Penyidik Bareskrim Mabes Polri menggeledah kantor Pertamina Foundation terkait kasus korupsi dana corporate social responsibility (CSR) Pertamina sepanjang 2012-2014 di kawasan Simprug, Jakarta, Selasa (1/9). Bareskrim Mabes Polri mengusut kasus dugaan korupsi "Menabung 100 Juta Pohon" proyek tahun 2011-2015 dengan kerugian negara dalam korupsi ini sebesar Rp126 miliar dari total nilai proyek Rp256 miliar.

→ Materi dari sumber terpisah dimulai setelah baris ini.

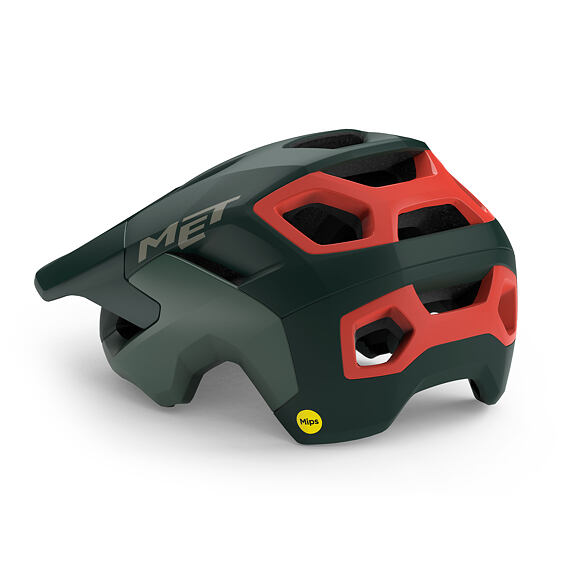 MET helmet REVO MIPS midnight forest -52/56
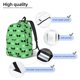 thumbnail image 3 of Easygdp alien cartoons Mochila de Lona Resistente para Laptop, Compatible con Laptops de 15 a 17 pulgadas, Ideal para Escuela, Trabajo y Viajes-Small, 3 of 5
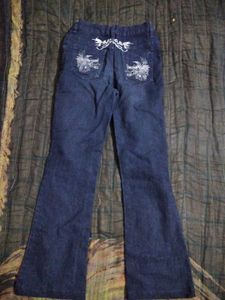 ✨Embellished  vintage Denim Jeans✨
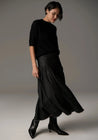 POL skirt POL Clothing Reece Skirt Denim Black Wash | Dalston clothing
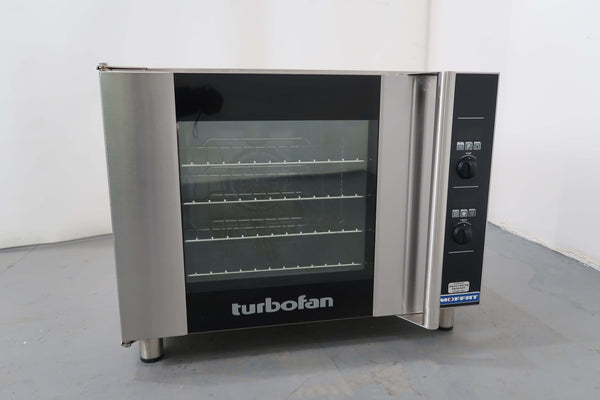 Turbofan E31D4 4 Tray Convection Oven (2)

ANTARA FOTO/Reno Esnir/foc/15.

Jakarta, Aktual.com – Penyidik Bareskrim Polri menggeledah kediaman mantan Senior Vice President (SVP) Asset Management PT Pertamina (Persero), Gathot Harsono. Penggeledahan tersebut merupakan kelanjutan kasus dugaan korupsi penjualan aset Pertamina.

“Iya (ada penggeledahan),” kata Kasubdit V Direktorat Tindak Pidana Korupsi (Tipikor) Bareskrim Polri Kombes Indarto, Jakarta, Selasa (29/8).

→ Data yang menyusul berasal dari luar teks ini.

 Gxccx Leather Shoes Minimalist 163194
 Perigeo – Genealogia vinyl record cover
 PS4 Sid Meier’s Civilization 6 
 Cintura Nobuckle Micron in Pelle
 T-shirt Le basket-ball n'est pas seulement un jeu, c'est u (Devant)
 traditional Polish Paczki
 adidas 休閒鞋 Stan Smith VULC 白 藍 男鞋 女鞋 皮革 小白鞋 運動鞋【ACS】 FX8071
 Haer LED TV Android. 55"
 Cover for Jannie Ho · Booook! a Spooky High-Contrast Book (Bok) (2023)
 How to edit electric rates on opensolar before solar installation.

Adapun penyidik menggeledah salah satu rumah milik Gathot yang berada di bilangan Slipi, Jakarta Barat. Hingga saat ini penggeledahan tersebut masih terus berlangsung.

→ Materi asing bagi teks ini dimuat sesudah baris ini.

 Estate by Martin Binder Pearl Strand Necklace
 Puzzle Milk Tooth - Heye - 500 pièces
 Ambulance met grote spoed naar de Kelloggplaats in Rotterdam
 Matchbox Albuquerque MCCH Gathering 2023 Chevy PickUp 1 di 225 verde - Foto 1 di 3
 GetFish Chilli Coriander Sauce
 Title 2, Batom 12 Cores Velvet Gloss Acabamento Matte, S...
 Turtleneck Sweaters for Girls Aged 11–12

“Masih berlangsung penggeledahannya,” ujar dia.

Lebih lanjut, Indarto menjelaskan penggeledahan juga bertujuan untuk menemukan jejak tersangka yang saat ini masih dalam Daftar Pencarian Orang (DPO).

“Tujuan utama mencari Gathot yang DPO,” singkatnya.

Direktorat Tindak Pidana Korupsi Bareskrim Polri menetapkan Senior Vice President (SVP) Asset Management PT Pertamina, Gathot Harsono sebagai tersangka dalam dugaan korupsi penjualan aset Pertamina tahun 2011.

Penetapan tersebut melalui mekanisme gelar perkara pada 15 Juni 2017. Selain itu, penyidik telah memperoleh hasil perhitungan sementara kerugian negara Badan Pemeriksa Keuangan (BPK).

Aset yang dijual Pertamina yaitu tanah seluas 1.088 meter persegi di kawasan Simprug, Kebayoran Lama, Jakarta Selatan. Terkait barang bukti berupa benda tak bergerak tersebut saat ini telah disita polisi.

Kemudian, penyidik juga sudah menyita sejumlah barang bukti lainnya. Salah satunya surat berharga berupa dokumen penjualan tanah ketika melakukan penggeledahan di kantor Pertamina.

Berdasarkan penelusuran, penjualan aset tanah milik perusahaan pelat merah tersebut dilakukan pada 12 Oktober 2011. Pertamina yang ketika itu dipimpin Karen Agustiawan menjualnya kepada Mayjen TNI (Purn) Haposan Silalahi senilai Rp1,16 miliar.

Padahal harga NJOP tanah saat itu sebesar Rp9,65 miliar. Namun berselang 2,5 bulan kemudian, atau pada 27 Desember 2011 Haposan menjual kepada pihak ketiga yaitu Lydia Swandajani Setiawati seharga Rp10,49 miliar. Dalam laporan hasil audit BPK, jumlah kerugian negara kasus ini mencapai 40,9 miliar.

Sebelumnya, penyidik Direktorat Tindak Pidana Korupsi memeriksa dua saksi penting kasus ini yaitu mantan Direktur Utama (Dirut) PT Pertamina, Karen Agustiawan, dan eks Direktur Umum Pertamina yang juga bekas pimpinan KPK, Waluyo.

Keduanya digarap polisi, Selasa 25 Juli pekan lalu. Pemeriksaan dalam rangka menelisik serta mendalami adanya dugaan keterlibatan petinggi Pertamina kala itu, setelah penyidik menetapkan bekas anak buah Karen dan Waluyo tersangka.